[What is being asked]
Without the pictures, give the records again exactly as they appear.

[Records supplied]
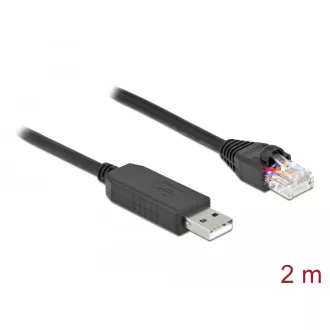   Delock Soros kapcsolati kábel FTDI chipszettel, USB 2.0 A-típusú apa - RS-232 RJ45 apa, 2 m hosszú, (64161)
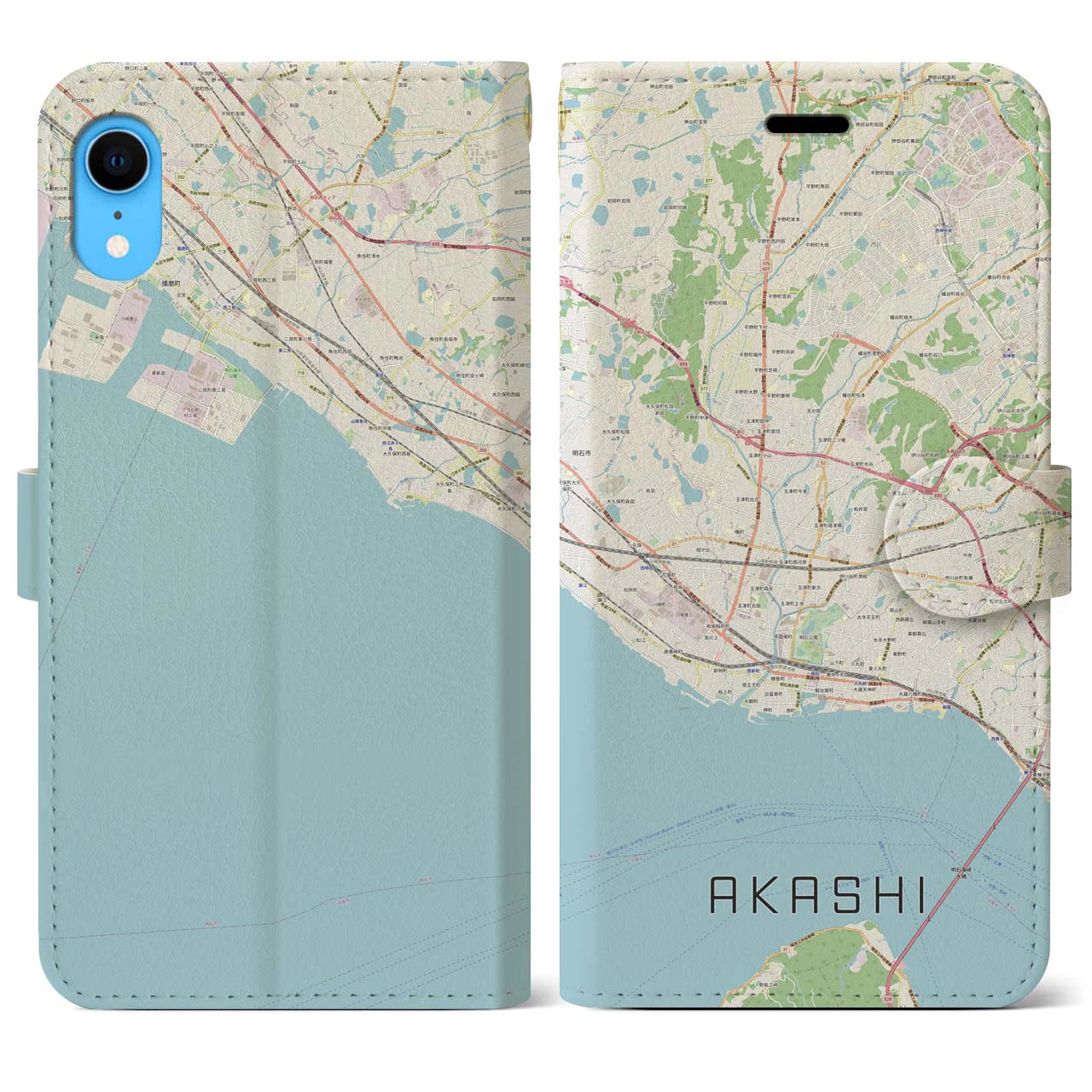 【明石(兵庫県)】地図柄iPhoneケース(手帳タイプ)ナチュラル・iPhone XR 用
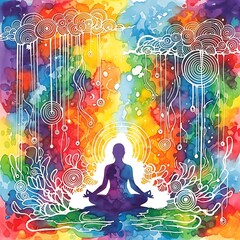Vibrant Watercolor Chakra Meditation Silhouette Amidst Rainbow Energy Flow and Zen Clouds
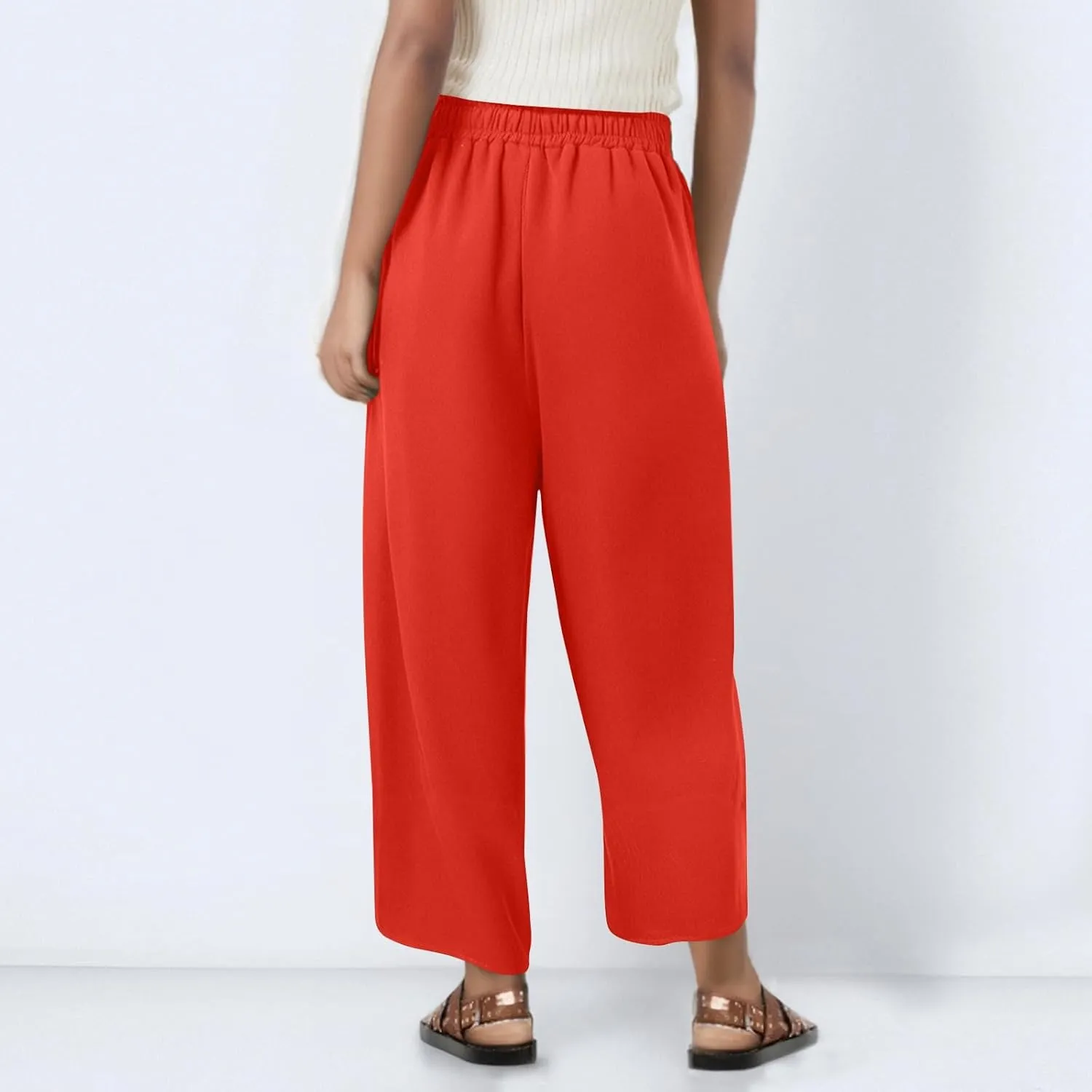 Women's Capri Pants Casual Summer Wide Leg Cotton Linen Pants Elastic Waist Beach Cropped Trouser Capris with Pocket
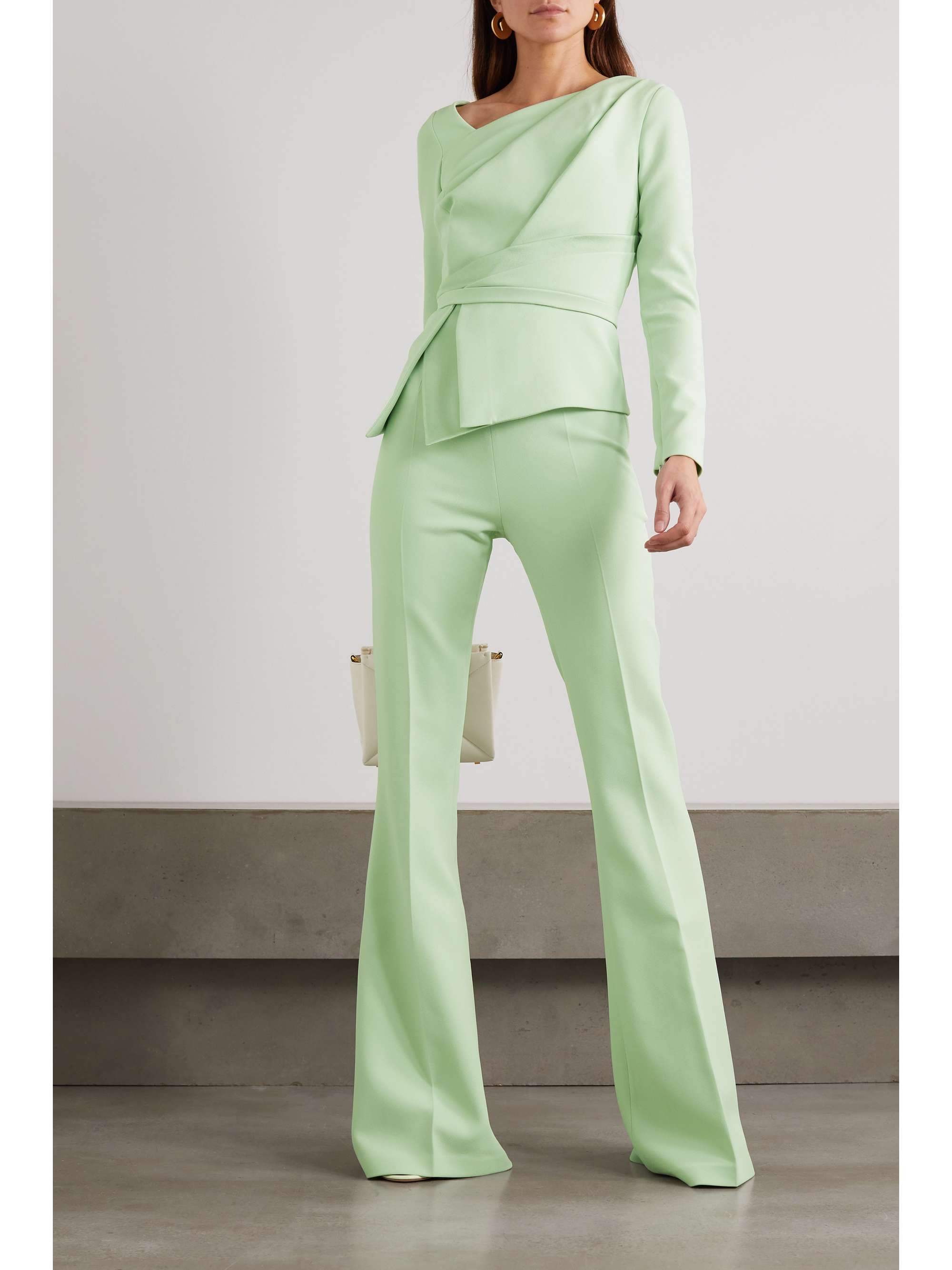 SAFIYAA Farran draped satin-trimmed stretch-crepe peplum top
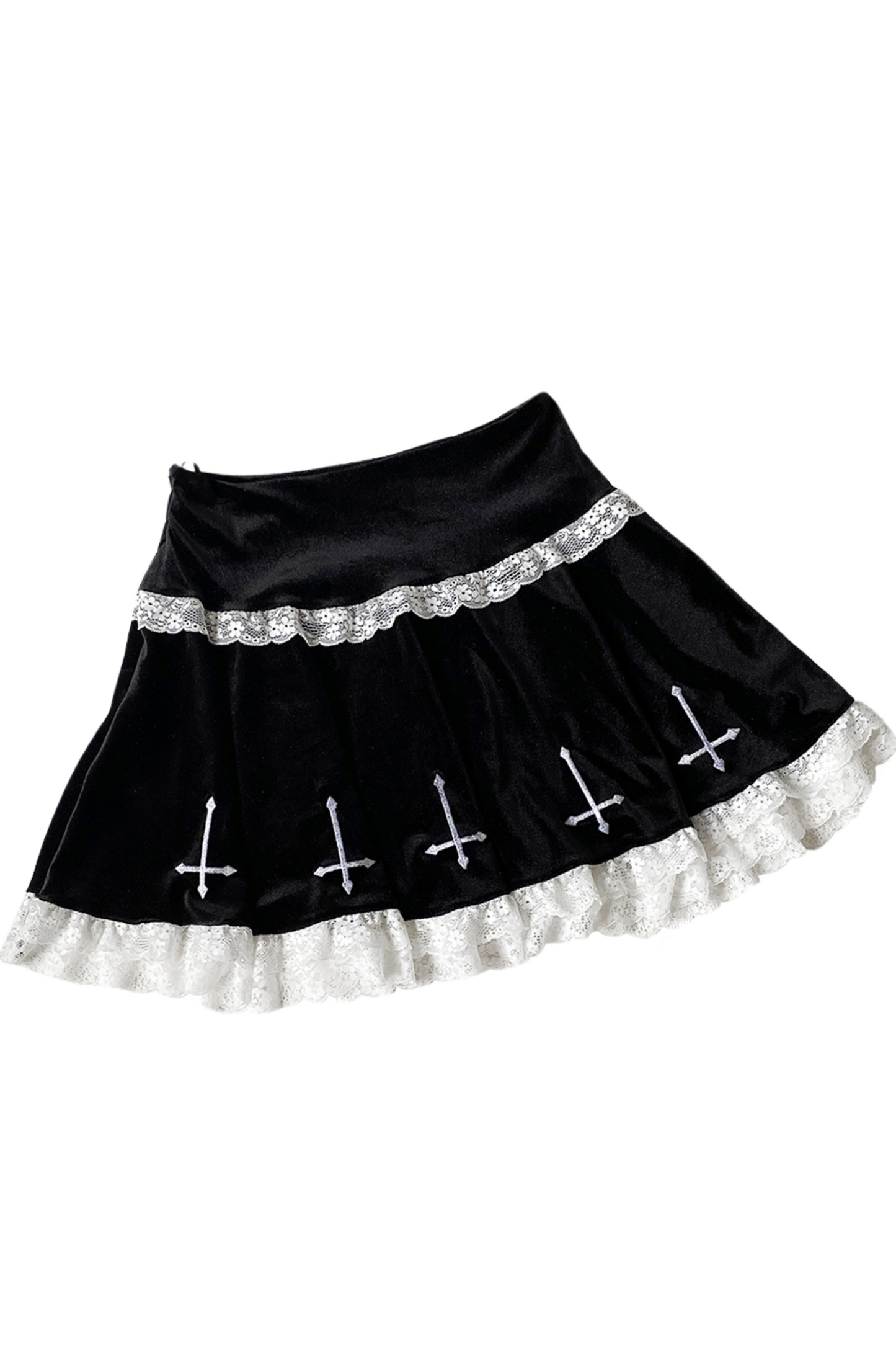 Mine Lace Cross Velvet Skirt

[Answer area]
   Delock Soros kapcsolati kábel FTDI chipszettel, USB 2.0 A-típusú apa - RS-232 RJ45 apa, 2 m hosszú, (64161)
 【明石(兵庫県)】地図柄iPhoneケース(手帳タイプ)ナチュラル・iPhone XR 用
Vibrant Watercolor Chakra Meditation Silhouette Amidst Rainbow Energy Flow and Zen Clouds
 Women's Capri Pants Casual Summer Wide Leg Cotton Linen Pants Elastic Waist Beach Cropped Trouser Capris with Pocket
 SAFIYAA Farran draped satin-trimmed stretch-crepe peplum top
 Mine Lace Cross Velvet Skirt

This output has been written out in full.